Napoli, dal CABHC nuovi protocolli con organ-on-chip per la cura dei tumori

Un significativo progresso nei protocolli di trattamento oncologico, in particolare per il carcinoma mammario, è stato raggiunto dal Center for Advanced Biomaterials for Health Care (CABHC) dell’Istituto Italiano di Tecnologia (IIT) di Napoli. Questo centro rappresenta una delle realtà più all’avanguardia in Europa nel settore della bioingegneria e delle biotecnologie. L’innovazione principale si basa sull’impiego degli “organ-on-chip”, dispositivi microfluidici che replicano il funzionamento di organi umani a scala ridotta.

Questi modelli, realizzati a partire da cellule umane e assemblati con tecnologie avanzate di stampa 3D e microfluidica, consentono di ricreare tessuti complessi come pelle, polmoni, intestino, cervello e fegato. Offrono così una piattaforma rivoluzionaria per lo studio delle malattie, la sperimentazione farmacologica e lo sviluppo di terapie su misura per il singolo paziente.

Il Centro napoletano dell’IIT, che ha sedi anche a Genova e in altre dodici città italiane, ha recentemente aperto le porte dei suoi laboratori per illustrare i traguardi conseguiti e le prospettive future. Questa iniziativa fa parte di un programma promosso dal Comitato Nazionale Neapolis 2500, presieduto dal Prefetto Michele di Bari, che ha voluto includere il CABHC come tappa fondamentale nelle celebrazioni dei 2500 anni di Napoli. L’obiettivo è evidenziare il ruolo strategico della città come motore di innovazione per il Mezzogiorno e per l’intero Paese.

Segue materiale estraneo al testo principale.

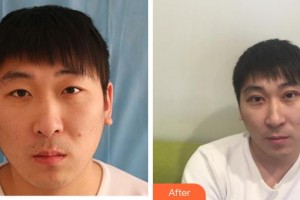 成都中醫(yī)大銀海眼科醫(yī)院王利萍住院醫(yī)師整形價格表附切開雙眼皮案例展示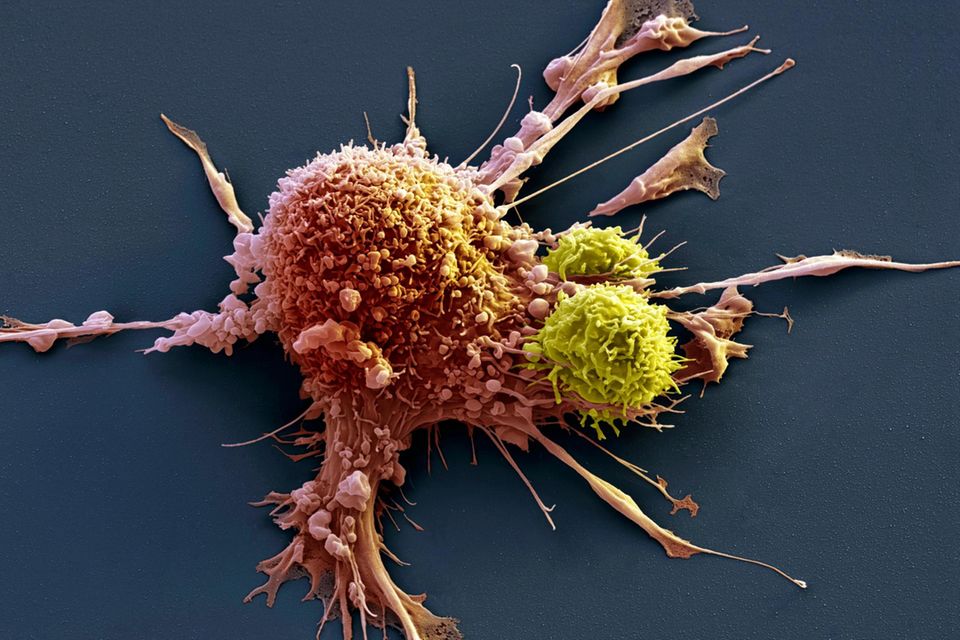 T-Zellen attackieren eine Krebszelle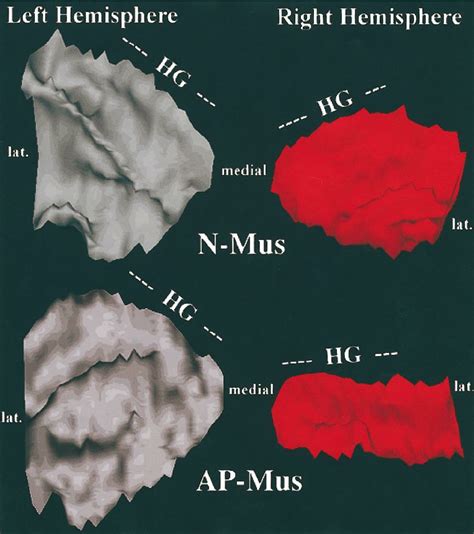 Musicians with absolute (perfect) pitch have a 'pruned' planum temporale in their right cerebral ...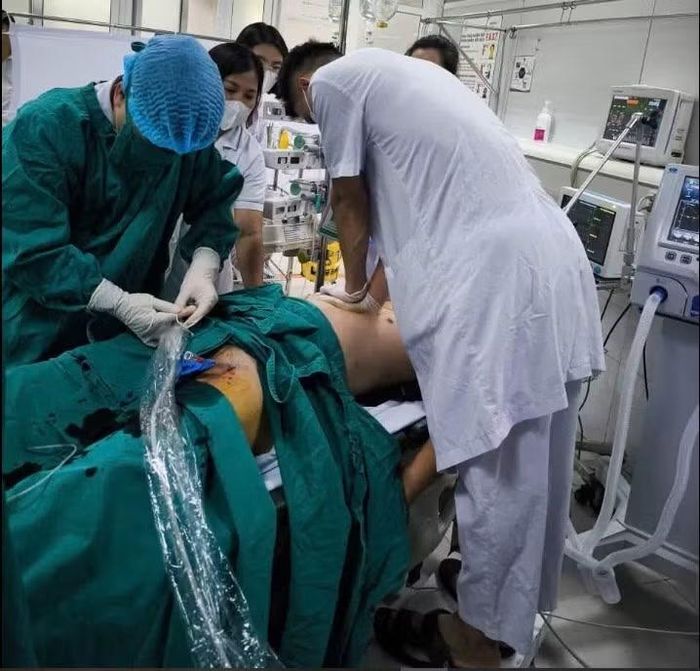 Thiết lập hệ thống ECMO để cứu bệnh nhân - Ảnh BVCC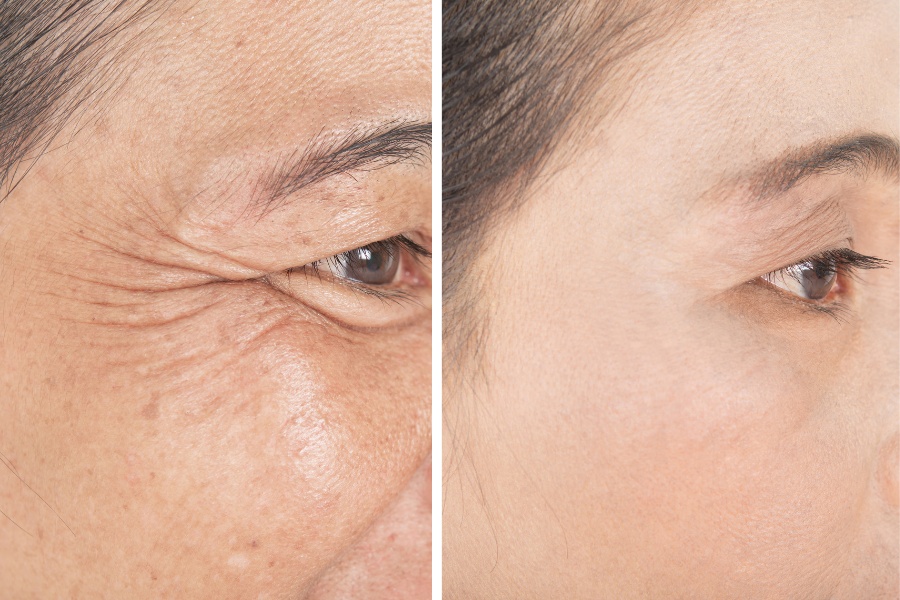 Chi phí cắt mí mắt dưới không có mức giá cố định mà phụ thuộc vào nhiều yếu tố khác nhau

L’evento si inserisce nel progetto ideato dal Comitato per mostrare un’immagine di Napoli che non solo custodisce una storia antichissima, ma che si afferma oggi come un polo di produzione di conoscenza, tecnologia e visione.

Il Prefetto Michele di Bari ha spiegato:

«Eccellenze come il Center for Advanced Biomaterials for Health Care dell’IIT rappresentano un potente attrattore di talenti e contribuiscono concretamente alle grandi sfide globali. Sono contesti come questo che costruiscono il futuro, grazie al dialogo continuo tra istituzioni, ricerca scientifica e territorio.»

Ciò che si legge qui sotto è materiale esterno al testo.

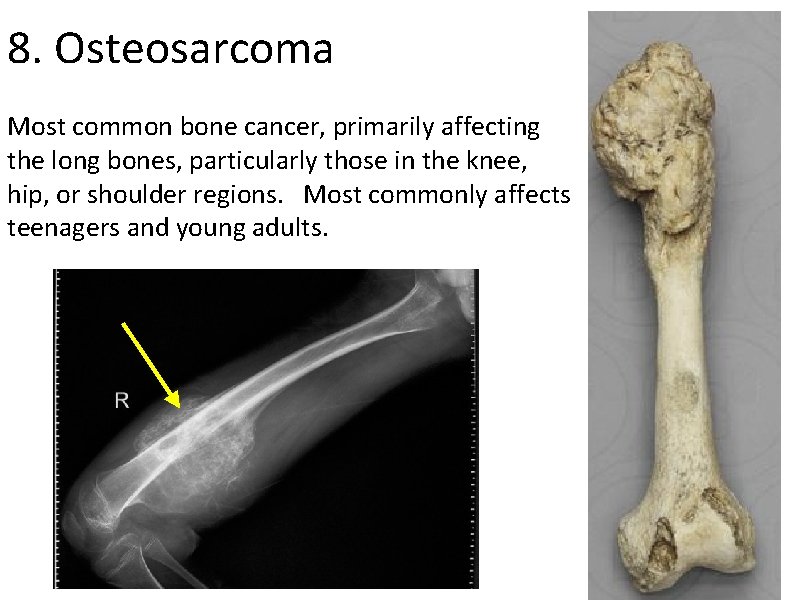 8. Osteosarcoma Most common bone cancer, primarily affecting the long bones, particularly those in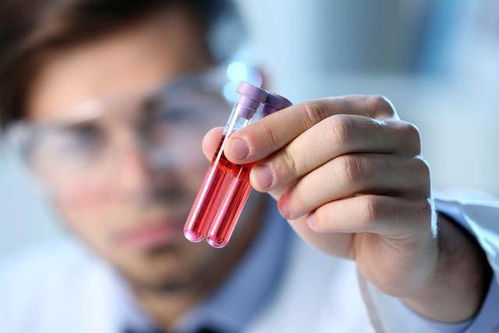 得了艾滋病等于判死刑吗 得了艾滋病等于判死刑吗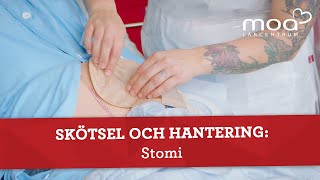 Skötsel och hantering  Stomi [upl. by Ellebana4]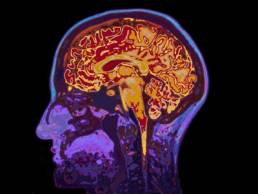 scan-of-a-brain-featured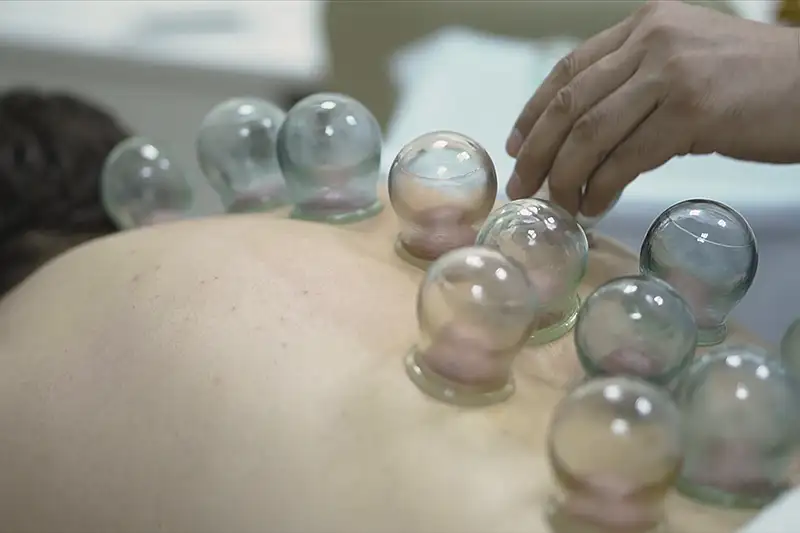 What is Cupping therapy in North Dallas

In alternativa ai tradizionali test sugli animali, si sta diffondendo l’uso di chip fluidici attraverso i quali si possono riprodurre organi umani impiegando campioni prelevati da tessuti del corpo. Questa metodologia permette di monitorare con precisione le risposte terapeutiche ai farmaci. Tuttavia, il Centro di Napoli va oltre: utilizza tessuti umani privi di contaminazioni da materiali esterni, una tecnica brevettata recentemente.

Inoltre, grazie a una consolidata collaborazione con l’Istituto Pascale, si stanno sviluppando specifici protocolli personalizzati per ciascun paziente. Il professore Paolo Netti, responsabile dell’istituto partenopeo, dichiara:

«Attualmente stiamo mettendo a punto un nuovo protocollo terapeutico per il trattamento del carcinoma, che prevede numerose personalizzazioni adatte al singolo paziente. Nel corso dei prossimi cinque anni, intendiamo creare una biblioteca di organi chip che permetterà di monitorare l’impatto delle cure adottate non solo sull’organo colpito dal tumore, ma sull’intero organismo.»

Il CABHC sta inoltre integrando questi modelli fisici con sistemi computazionali avanzati e algoritmi di intelligenza artificiale per costruire il cosiddetto “digital twin” del paziente: repliche virtuali capaci di simulare l’evoluzione della malattia e la risposta individuale ai trattamenti. Questa innovazione rappresenta un passo epocale nella medicina personalizzata.

Il professor Netti aggiunge:

«I risultati di questi studi cambieranno radicalmente anche i processi di validazione dei farmaci, che oggi richiedono in media circa 15 anni. In futuro, grazie a queste nuove tecnologie, sarà possibile ridurre drasticamente questi tempi, arrivando a dimezzarli.»